What’s an ordinary life problem?

Pathology, problems, and psychiatry

What's an ordinary life problem?

I asked myself this question as I read a recent New Yorker article by Louis Menand, entitled "Head Case." Menand is asking if psychiatry can be a science, and if so, why there is so much dissonance in the field. If there are clear answers to the problems of the mind, why aren't we applying the same answers at every possible opportunity?

Menand's first paragraph tells a fictionalized account of one person's response to being laid off:

"At first, your family is brave and supportive, and although you're in shock, you convince yourself that you were ready for something new. Then you start waking up at 3 a.m., apparently in order to stare at the ceiling. You can't stop picturing the face of the employee who was deputized to give you the bad news....You react defensively when friends advise you to let go and move on. After a week, you have a hard time getting out of bed in the morning. After two weeks, you have a hard time getting out of the house."

Menand is talking about depression, and he's asking if a response to an "ordinary life problem," like being laid off, can constitute a clinical depression. If so, what is the appropriate treatment?

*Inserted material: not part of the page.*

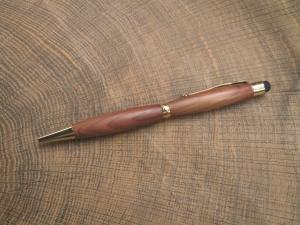 handgedrechselter Holzkugelschreiber, edles Schreibgerät aus Eibenholz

Though I genuinely loved Menand's article and will probably write more about it in future posts, I can't help but keep getting stuck at the first question - what's an ordinary life problem?

Because, it seems that the way we define that idea will influence how we define an appropriate response, if we pathologize/diagnose, and if we allow insurance providers to compensate us for getting help.

In the United States of Disorder, we must have a diagnosis to get insurance to pay for treatment. So, it literally pays to have a problem. But, what would be the appropriate response to an abusive boss who makes every day at work a waking nightmare? Or losing your life savings on your 65th birthday? Or, well, getting laid off?

What's the role of a clinician in diagnosing and treating any of the above ordinary life problems? I can imagine any of the problems I named above might make a person contemplate suicide, even if just for an instant and never again. I can also imagine that any of these problems could make someone contemplate suicide very seriously. Is medication ever the appropriate response to these problems, inorganic in nature, at least to tide someone over and out of suicidal risk?

I was moved by an account I read in a New York Times article this week that I found particularly timely having just read Menand's piece. Said psychiatrist Andy Thomson:

"I remember one patient who came in and said she needed to reduce her dosage. I asked her if the antidepressants were working, and she said something I'll never forget. ‘Yes, they're working great,' she told me. ‘I feel so much better. But I'm still married to the same [jerk]. It's just now he's tolerable."

Our current system seems to require pathologizing - sometimes defining ordinary life as a "problem" - in order to get help. But, once we are getting help, what is our responsibility to define the parameters, the beginning and the end, of that help? Can we say, as the woman quoted above, yes, this treatment is working, but I think it's treating the wrong problem?